Monday, November 26, 2012

A Good Week of Hunting

I try hard as I can each year to get a week away from my Washington office over the Thanksgiving holiday to turn my attention to hunting. The first part of the week is usually spent on waterfowl, and the Saturday after Thanksgiving has been the traditional 'opening day' for chasing deer with a firearm in Maryland for as long as I can remember.

Lately, though, there hasn't been much in the way of waterfowl around these here parts during what we hunters refer to as 'the early split.' It just isn't cold enough in middle November to bring birds to our region; so mostly we sit around in shirtsleeves in duck blinds, looking out at an altogether too bright and too warm sun, set high in a bluebird sky.

The 2012 goose opener was much the same as we've come to expect, what few birds had arrived to the Chesapeake were content to hug the small creeks where they roost overnight, and left those friendly confines only to loaf around on the Chester River or other such larger bodies of water as they might find amenable. On days like these, 60 degree temps and not a cloud in the sky, hunters might see plenty of birds, but getting them into the decoys, or even getting them to feign interest in your hopeful spread, is a tall order.

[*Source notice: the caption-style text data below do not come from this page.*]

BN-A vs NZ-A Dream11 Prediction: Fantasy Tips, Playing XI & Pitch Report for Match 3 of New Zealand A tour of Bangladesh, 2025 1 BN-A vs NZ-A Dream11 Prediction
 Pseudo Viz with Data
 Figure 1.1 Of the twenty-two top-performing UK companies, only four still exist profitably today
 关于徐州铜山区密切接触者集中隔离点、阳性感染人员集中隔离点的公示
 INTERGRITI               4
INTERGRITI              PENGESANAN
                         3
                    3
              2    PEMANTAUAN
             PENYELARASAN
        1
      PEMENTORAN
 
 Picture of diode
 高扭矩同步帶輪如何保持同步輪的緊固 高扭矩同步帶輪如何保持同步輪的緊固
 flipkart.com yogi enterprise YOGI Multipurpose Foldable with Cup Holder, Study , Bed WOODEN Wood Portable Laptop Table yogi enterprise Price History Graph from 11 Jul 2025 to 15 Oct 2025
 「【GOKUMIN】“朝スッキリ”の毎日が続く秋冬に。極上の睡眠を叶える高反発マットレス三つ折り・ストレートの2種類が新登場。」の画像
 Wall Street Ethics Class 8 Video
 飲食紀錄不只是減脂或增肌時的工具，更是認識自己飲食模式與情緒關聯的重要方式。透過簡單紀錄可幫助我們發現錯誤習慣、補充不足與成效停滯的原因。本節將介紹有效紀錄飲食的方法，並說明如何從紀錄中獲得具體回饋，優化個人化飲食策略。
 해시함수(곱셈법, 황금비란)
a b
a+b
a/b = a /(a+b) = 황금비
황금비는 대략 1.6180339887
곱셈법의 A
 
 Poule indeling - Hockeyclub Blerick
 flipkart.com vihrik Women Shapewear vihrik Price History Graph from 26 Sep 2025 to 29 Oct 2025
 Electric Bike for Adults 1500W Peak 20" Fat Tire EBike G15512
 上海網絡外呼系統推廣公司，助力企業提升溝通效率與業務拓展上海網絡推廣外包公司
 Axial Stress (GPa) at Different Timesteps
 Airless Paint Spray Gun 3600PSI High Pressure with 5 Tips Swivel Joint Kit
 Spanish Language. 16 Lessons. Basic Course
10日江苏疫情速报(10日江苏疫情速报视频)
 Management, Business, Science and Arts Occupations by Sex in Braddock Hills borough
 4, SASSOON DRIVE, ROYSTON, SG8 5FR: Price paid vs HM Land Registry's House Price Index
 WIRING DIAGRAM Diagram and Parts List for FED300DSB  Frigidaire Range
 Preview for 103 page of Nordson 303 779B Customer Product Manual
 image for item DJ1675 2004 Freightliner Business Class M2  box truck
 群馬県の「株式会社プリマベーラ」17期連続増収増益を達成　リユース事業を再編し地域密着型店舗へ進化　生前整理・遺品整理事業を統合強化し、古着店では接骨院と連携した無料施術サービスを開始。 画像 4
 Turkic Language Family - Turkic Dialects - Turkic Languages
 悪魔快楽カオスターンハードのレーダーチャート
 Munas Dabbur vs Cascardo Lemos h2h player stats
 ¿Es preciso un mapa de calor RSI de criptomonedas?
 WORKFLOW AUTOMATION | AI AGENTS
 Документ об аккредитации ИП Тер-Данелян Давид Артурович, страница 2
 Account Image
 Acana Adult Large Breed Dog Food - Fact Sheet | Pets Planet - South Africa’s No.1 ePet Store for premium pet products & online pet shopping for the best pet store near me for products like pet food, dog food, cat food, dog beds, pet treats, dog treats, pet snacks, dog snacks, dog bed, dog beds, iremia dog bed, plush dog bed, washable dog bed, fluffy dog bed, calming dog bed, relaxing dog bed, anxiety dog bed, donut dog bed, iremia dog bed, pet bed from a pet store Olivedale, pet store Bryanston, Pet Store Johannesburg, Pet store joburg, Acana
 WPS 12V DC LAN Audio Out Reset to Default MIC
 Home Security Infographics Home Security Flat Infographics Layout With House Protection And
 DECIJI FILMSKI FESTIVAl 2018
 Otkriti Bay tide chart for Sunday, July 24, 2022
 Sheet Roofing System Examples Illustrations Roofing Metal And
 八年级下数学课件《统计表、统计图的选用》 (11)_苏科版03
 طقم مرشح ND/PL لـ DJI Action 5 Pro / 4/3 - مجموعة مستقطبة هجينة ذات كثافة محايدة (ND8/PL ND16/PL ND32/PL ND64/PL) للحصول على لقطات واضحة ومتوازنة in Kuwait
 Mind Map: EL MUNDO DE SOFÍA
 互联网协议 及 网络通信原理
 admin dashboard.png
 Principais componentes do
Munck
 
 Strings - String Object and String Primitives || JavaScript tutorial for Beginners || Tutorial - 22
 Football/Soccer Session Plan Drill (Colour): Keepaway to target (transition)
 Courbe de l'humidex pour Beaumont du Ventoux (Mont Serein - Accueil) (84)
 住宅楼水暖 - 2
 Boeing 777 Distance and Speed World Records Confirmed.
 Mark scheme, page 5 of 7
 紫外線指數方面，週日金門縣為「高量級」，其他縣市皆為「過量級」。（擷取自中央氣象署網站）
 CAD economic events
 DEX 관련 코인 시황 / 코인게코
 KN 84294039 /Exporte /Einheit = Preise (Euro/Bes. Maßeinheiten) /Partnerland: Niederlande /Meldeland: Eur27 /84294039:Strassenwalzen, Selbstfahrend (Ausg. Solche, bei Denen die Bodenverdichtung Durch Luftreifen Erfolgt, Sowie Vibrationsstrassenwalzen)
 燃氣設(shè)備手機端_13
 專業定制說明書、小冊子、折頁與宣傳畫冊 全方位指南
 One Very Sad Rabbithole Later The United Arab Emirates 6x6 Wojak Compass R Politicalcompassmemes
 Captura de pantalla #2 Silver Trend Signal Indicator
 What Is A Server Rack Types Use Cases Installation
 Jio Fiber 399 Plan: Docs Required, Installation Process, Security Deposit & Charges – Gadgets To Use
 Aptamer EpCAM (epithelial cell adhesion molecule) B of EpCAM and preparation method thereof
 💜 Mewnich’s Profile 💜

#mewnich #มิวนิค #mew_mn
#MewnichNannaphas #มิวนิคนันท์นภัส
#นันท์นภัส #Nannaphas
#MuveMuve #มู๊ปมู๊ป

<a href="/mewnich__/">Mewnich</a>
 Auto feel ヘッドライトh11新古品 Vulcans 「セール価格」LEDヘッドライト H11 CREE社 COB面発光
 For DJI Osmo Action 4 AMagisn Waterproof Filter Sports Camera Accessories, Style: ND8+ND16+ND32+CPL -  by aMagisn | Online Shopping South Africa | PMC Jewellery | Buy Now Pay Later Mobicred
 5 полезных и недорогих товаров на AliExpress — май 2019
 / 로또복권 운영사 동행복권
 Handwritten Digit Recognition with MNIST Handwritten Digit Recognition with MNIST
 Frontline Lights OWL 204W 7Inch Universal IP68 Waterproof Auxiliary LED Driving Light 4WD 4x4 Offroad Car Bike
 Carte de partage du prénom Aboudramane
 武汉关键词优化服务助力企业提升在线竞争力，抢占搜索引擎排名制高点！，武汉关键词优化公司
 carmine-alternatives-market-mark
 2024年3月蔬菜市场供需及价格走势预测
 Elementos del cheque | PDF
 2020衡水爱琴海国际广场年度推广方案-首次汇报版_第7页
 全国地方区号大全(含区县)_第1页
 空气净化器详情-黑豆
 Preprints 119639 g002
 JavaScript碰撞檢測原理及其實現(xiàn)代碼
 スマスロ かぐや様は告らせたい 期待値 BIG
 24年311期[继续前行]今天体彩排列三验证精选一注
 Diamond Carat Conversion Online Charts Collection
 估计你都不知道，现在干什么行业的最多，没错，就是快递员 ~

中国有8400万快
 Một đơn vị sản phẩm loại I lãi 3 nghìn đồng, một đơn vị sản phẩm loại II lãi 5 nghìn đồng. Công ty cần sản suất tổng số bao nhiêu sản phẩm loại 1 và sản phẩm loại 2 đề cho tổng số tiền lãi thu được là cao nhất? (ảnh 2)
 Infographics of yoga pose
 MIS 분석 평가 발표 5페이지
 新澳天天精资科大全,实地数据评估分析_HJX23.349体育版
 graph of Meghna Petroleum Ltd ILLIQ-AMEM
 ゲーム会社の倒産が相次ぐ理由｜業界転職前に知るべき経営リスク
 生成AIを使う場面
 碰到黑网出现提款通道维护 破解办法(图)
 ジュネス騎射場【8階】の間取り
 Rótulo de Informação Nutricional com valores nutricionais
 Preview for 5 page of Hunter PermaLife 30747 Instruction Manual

Things looked up on Tuesday, when a slight front rolled through, making for a cloudy dawn. The birds left the creek and worked our field early, and before the three guys in the blind could run out of things to talk about we had a limit and fellow blogger Kirk Mantay from over at River Mud and myself were enjoying a hearty breakfast and more conversation at Higgy's, a Church Hill diner that specializes in the kind of stick-with-you-for-the-day grub that hunters prefer. It was the best day of goose hunting, something I do probably more frequently than all the other hobbies I have combined, I've had in fully two years.

Thursday morning the guests in my home slept as I put my turkey in its brine and threw my shotgun into my truck, I saw hundreds of starts twinkling down on me; a crystal clear night that promised more of the same during the day. Sure enough, the day broke blue and the sun shone brightly as we watched early birds cruise far over our heads. I was able to harvest a single before I had to leave the pit for some time in the kitchen.

On Saturday morning, I turned my camo hat in for a blaze orange model and waterfowl season for deer season. I headed out into a stiff 20 mile per hour wind, that thankfully for me was blowing out of the northwest, blowing my scent away from the field I was hunting. Early in the morning, before legal shooting time, I saw a dark figure working its way across the field and knew it was a deer. Wind and cold temperatures seem to become an afterthought when you can watch animals cruise around without any knowledge of your presence in a tree 15 feet above them.

I had no intention of harvesting any but the most mature deer, and knew instintively that any animal walking across a field that early in the morning, and alone besides, was anything but a mature animal. I watched the doe through my binoculars until she slipped through some cover at the edge of the field, and on to wherever she would hang out for the rest of the day.

There were other deer, a four-point buck that crossed in front of me broadside at what would have been archery range, and six does crowded the field right before the end of legal shooting time, any of which would have been harvested easily enough. But with the commitment to only harvest mature deer front and center in my mind, I was content to watch these deer through my Minox binoculars, getting a sense for what the deer were doing, and when they were doing it.

It was a great week afield, there were plenty of geese and deer around, and as always lots of good conversation in the goose pit and duck blind. Deer hunting is a solitary affair, almost entirely quiet and still, which is why I prefer the conviviality of the waterfowl hunt; but the time I spend in the stand gives me time to think, and for that alone it has tremendous value. Here's to a successful 2012-2013 season to all those folks who still rise early and find good fortunes up in the sky.

 

1 comment:

Al Redmer, Jr. said...

hey there Steve,

no deer in my freezer yet, either..... if you'd like some company in the goose pit, give me a shout!